I'm writing some code to determine the name that an object is assigned to. This is for general debugging work and to further familiarize myself with python internals.
I have it structured as a class decorator so that all instances of that class will have their names recorded if it is possible to do. The code is fairly long so I won't post it unless asked. The general technique is as follows though
decorate the class' __init__
method with the code to do what I want
set caller = inspect.currentframe().f_back
and open inspect.getframeinfo(caller).filename
and send it to ast.parse
. I don't do any error checking here because (1) this is just for debugging/profiling/hacking (2) this exact process was 'just' completed or the code wouldn't be running. Is there a problem with this?
find the ast.Assignment
instance that causes the currently executing __init__
method to run
if len(assignment.targets) == 1
then there is only one item on the left hand side, and I can get the name out of targets[0].id
. In a simple form like a = Foo()
, then the assignment.value
is an instance of ast.Call
. if it's a literal (e.g. list), then value
will be that list and bail because the object I'm interested in isn't being assigned to a name.

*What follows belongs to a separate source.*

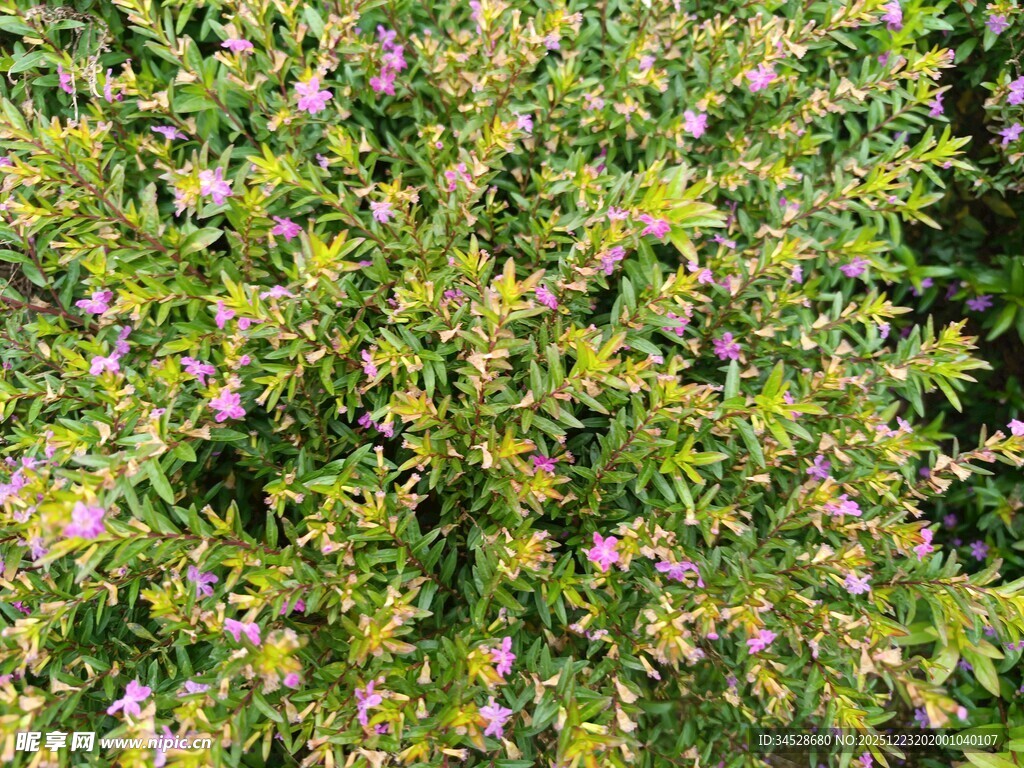 繁茂绿植间点缀粉色小花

What is the best way to confirm that assignment.value.func
is in fact type(obj).__call__
of the object that I'm interested in. I'm pretty sure that I'm guaranteed that It's "in there somewhere" or the code wouldn't even be running. I just need for it to be at the top level. The obvious thing to do is walk it and make sure that it doesn't contain any interior calls. Then I'm guaranteed that I have the name. (My reasoning is correct, I'm not sure if its assumptions are). This is not ideal though because if I'm interested in Foo
, this could lead me to toss away a = Foo(Bar())

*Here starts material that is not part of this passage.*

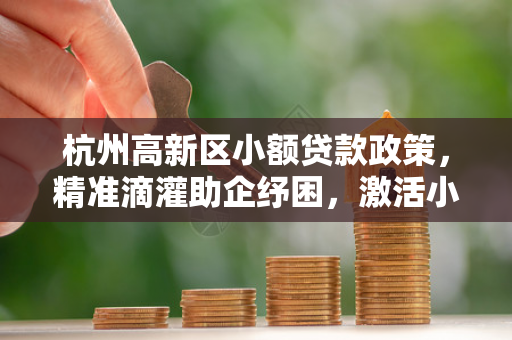 杭州高新区小额贷款政策,精准滴灌助企纾困,激活小微发展新动能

because I don't know if it's a = Bar(Foo())
.
Of course I can just check assignment.value.func.id
but then somebody could have done Foobar = Foo
or something so I don't want to rely on this too heavily
Any help would be greatly appreciated. As always, I'm interested in any other suggestions or problems that I might be overlooking.
Also, I'm really surprised that I just had to invent the 'python-internals' tag.